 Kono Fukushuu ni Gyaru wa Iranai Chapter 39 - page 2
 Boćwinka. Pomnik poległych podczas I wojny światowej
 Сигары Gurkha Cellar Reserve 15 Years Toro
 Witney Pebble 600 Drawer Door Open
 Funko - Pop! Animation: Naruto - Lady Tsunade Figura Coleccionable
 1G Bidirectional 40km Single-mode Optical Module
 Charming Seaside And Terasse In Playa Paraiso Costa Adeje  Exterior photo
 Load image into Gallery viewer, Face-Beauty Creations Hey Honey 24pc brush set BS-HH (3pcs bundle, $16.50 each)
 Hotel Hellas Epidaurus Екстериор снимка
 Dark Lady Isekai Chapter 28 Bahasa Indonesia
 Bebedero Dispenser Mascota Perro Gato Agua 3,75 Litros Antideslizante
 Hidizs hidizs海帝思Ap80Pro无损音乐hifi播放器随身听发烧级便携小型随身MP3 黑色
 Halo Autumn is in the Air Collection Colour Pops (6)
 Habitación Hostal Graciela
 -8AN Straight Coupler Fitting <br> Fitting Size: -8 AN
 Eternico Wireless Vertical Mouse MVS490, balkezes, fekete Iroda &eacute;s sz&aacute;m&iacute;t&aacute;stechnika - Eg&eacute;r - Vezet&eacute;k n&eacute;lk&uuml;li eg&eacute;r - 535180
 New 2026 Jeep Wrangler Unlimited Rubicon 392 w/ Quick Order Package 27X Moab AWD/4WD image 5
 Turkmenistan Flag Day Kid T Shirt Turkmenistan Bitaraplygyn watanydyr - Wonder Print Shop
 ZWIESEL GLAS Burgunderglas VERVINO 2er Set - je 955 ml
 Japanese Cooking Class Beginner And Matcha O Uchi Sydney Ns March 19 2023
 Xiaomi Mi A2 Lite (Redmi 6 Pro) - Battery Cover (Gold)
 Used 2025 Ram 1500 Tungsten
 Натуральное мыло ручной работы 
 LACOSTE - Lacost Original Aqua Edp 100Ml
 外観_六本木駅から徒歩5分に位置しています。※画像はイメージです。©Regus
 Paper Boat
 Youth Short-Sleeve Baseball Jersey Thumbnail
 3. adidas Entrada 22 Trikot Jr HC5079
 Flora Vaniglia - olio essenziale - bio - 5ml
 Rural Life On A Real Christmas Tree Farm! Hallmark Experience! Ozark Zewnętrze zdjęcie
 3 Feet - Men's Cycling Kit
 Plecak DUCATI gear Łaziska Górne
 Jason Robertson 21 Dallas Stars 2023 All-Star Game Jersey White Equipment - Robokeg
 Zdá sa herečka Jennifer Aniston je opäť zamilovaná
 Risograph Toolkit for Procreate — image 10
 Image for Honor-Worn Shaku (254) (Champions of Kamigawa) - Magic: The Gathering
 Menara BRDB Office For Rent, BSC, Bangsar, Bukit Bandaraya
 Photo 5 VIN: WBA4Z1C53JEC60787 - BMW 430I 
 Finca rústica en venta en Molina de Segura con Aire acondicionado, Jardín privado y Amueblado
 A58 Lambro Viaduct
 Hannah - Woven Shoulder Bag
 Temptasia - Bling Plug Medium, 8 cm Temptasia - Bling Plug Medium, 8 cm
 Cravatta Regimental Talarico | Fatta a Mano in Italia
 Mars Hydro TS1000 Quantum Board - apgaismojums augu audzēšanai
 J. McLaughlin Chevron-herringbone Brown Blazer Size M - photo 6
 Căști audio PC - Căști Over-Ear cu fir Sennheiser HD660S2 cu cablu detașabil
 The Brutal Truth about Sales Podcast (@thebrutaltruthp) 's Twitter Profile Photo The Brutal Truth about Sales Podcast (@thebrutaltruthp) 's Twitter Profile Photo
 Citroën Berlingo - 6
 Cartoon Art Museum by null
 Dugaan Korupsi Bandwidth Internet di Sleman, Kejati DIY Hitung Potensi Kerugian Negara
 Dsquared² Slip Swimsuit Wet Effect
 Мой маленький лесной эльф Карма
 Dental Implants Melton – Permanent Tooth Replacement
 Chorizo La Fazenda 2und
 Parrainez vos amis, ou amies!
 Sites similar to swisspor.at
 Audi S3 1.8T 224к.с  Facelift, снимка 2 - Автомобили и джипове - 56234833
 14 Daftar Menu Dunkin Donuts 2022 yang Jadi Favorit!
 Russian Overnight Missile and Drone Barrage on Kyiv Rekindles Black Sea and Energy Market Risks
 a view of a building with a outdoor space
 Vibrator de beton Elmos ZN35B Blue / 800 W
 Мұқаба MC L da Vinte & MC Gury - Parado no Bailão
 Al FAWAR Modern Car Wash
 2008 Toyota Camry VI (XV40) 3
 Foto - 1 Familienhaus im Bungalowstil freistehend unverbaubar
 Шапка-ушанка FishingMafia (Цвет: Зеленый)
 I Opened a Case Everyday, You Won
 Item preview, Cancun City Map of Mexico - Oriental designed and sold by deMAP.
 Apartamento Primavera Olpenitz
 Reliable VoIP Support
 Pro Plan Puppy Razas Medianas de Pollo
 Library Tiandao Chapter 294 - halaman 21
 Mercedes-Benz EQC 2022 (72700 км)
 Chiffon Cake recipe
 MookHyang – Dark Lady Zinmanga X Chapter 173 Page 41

::::::::

__WHAT YOU HAVE TO DO__
Take the lines above from the one containing "LACOSTE - Lacost Original Aqua Edp 100Ml" to the one containing "Risograph Toolkit for Procreate — image 10" and retype them exactly, both ends included, with nothing added.

__ANSWER SPACE__
 LACOSTE - Lacost Original Aqua Edp 100Ml
 外観_六本木駅から徒歩5分に位置しています。※画像はイメージです。©Regus
 Paper Boat
 Youth Short-Sleeve Baseball Jersey Thumbnail
 3. adidas Entrada 22 Trikot Jr HC5079
 Flora Vaniglia - olio essenziale - bio - 5ml
 Rural Life On A Real Christmas Tree Farm! Hallmark Experience! Ozark Zewnętrze zdjęcie
 3 Feet - Men's Cycling Kit
 Plecak DUCATI gear Łaziska Górne
 Jason Robertson 21 Dallas Stars 2023 All-Star Game Jersey White Equipment - Robokeg
 Zdá sa herečka Jennifer Aniston je opäť zamilovaná
 Risograph Toolkit for Procreate — image 10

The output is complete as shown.